**** DATA SHOWN ****

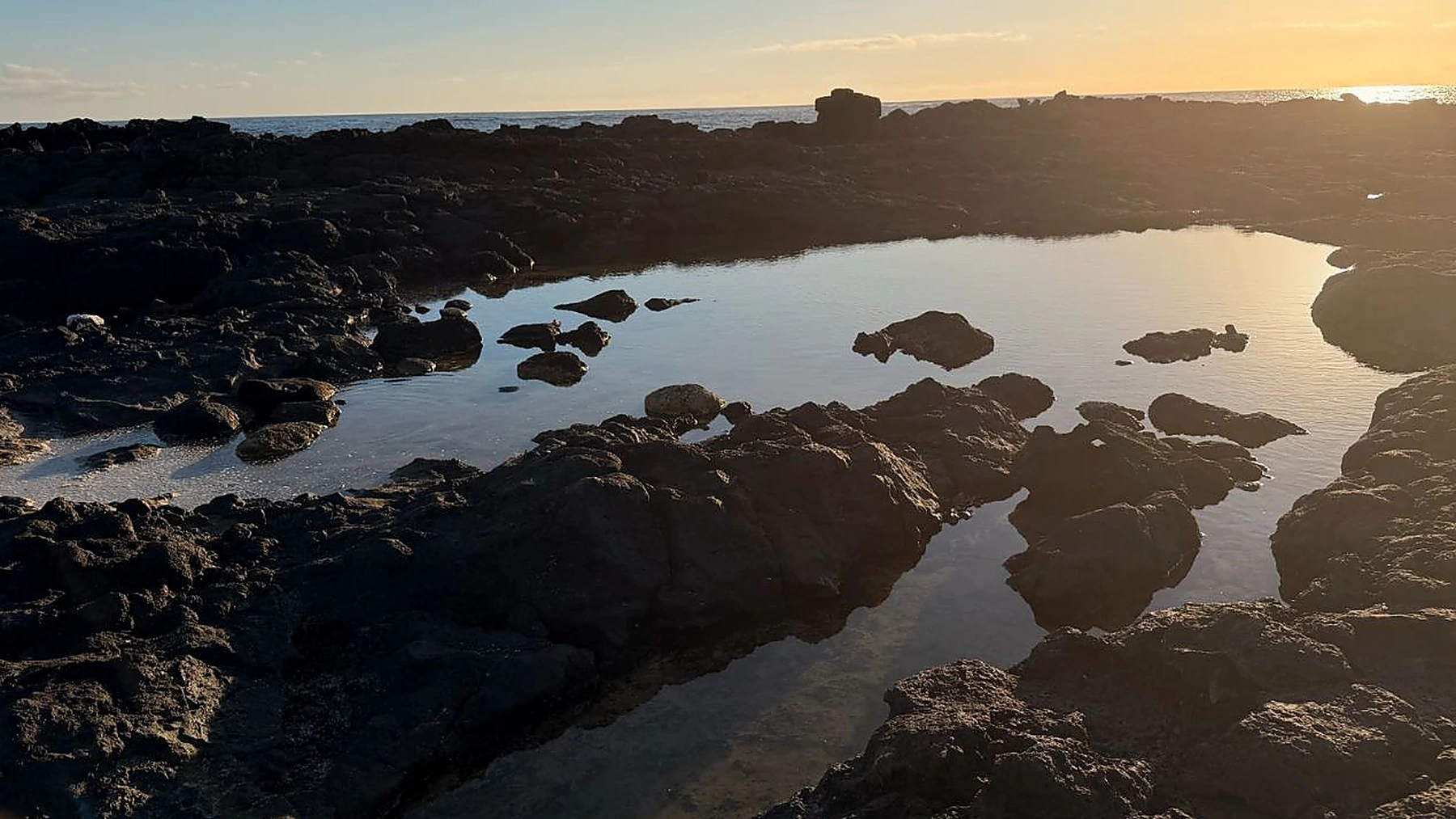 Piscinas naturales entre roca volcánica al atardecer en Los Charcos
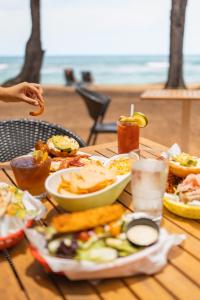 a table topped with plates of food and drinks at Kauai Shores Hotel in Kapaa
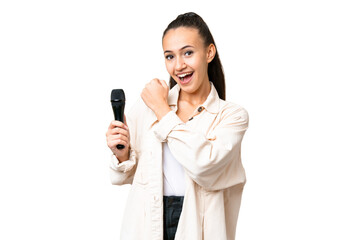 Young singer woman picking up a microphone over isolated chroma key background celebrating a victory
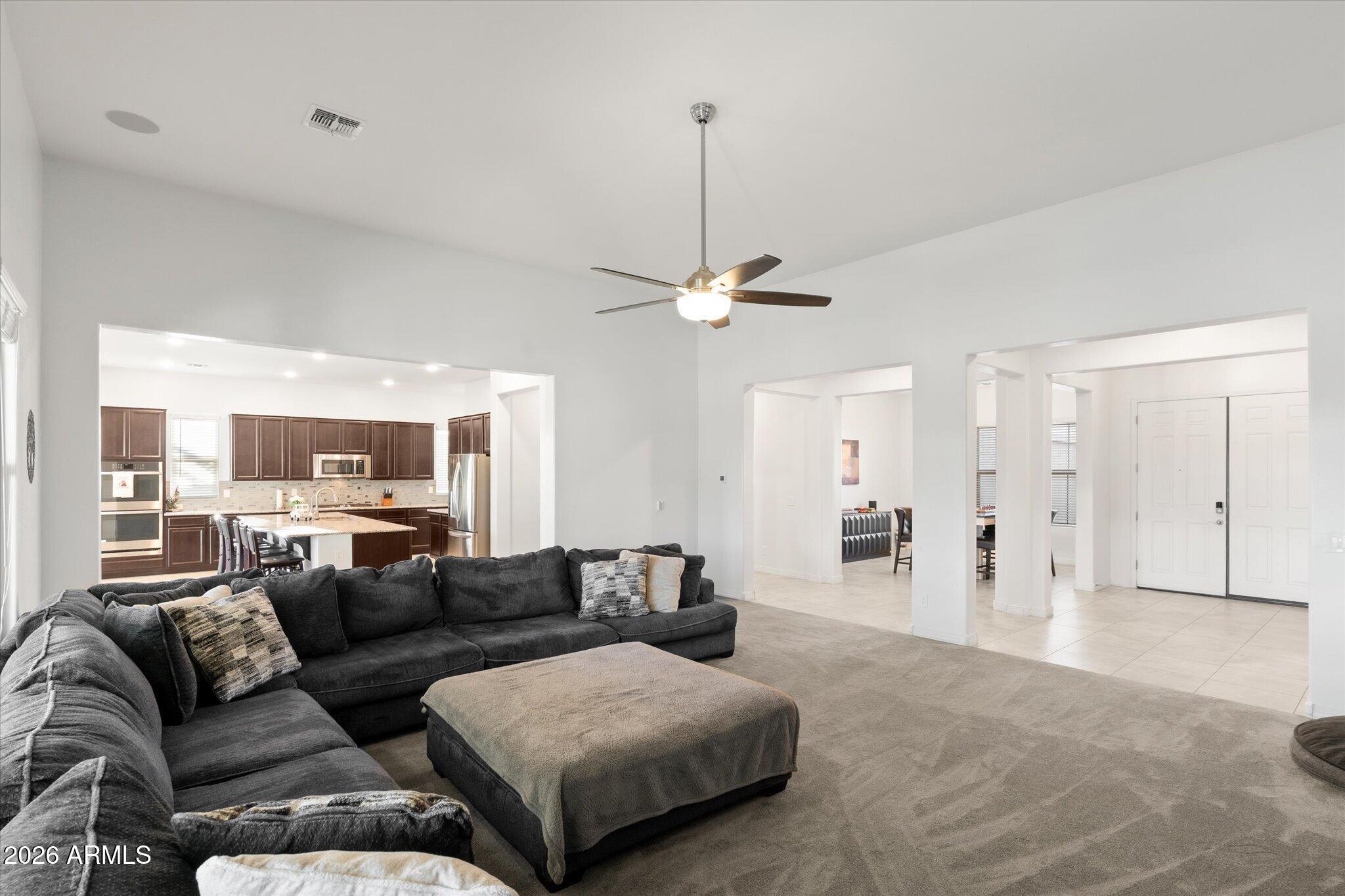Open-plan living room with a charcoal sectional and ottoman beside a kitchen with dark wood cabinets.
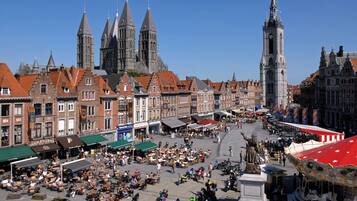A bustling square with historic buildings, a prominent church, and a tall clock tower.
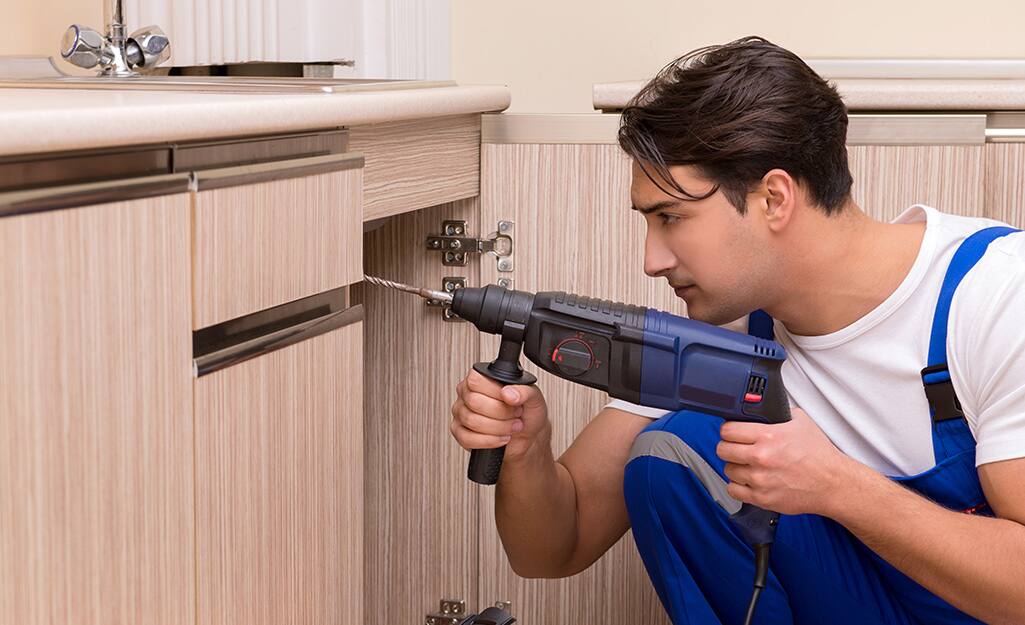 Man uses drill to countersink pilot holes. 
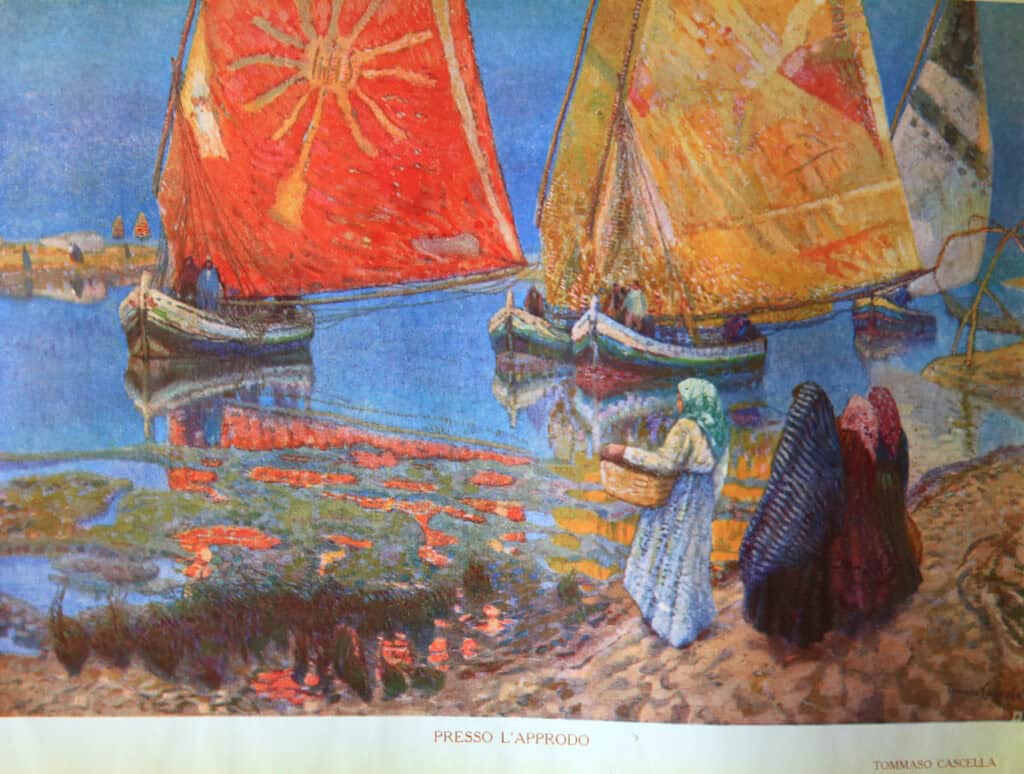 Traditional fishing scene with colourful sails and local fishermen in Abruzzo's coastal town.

****
**** DATA SHOWN ****

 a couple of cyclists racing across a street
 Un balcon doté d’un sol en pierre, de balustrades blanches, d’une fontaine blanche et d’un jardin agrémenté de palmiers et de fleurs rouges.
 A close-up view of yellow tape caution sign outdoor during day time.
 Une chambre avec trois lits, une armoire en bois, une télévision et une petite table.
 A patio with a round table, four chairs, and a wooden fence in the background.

****
**** DATA SHOWN ****

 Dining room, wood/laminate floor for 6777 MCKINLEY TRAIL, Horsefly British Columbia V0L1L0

****

_TASK DIRECTIONS_: Please repeat the lines of the material above exactly, starting with the line that contains "Young singer woman" and ending with the line that contains "Traditional fishing scene". Leave the pictures out.

_REPLY_:
 Young singer woman picking up a microphone over isolated chroma key background celebrating a victory
Open-plan living room with a charcoal sectional and ottoman beside a kitchen with dark wood cabinets.
A bustling square with historic buildings, a prominent church, and a tall clock tower.
 Man uses drill to countersink pilot holes. 
 Traditional fishing scene with colourful sails and local fishermen in Abruzzo's coastal town.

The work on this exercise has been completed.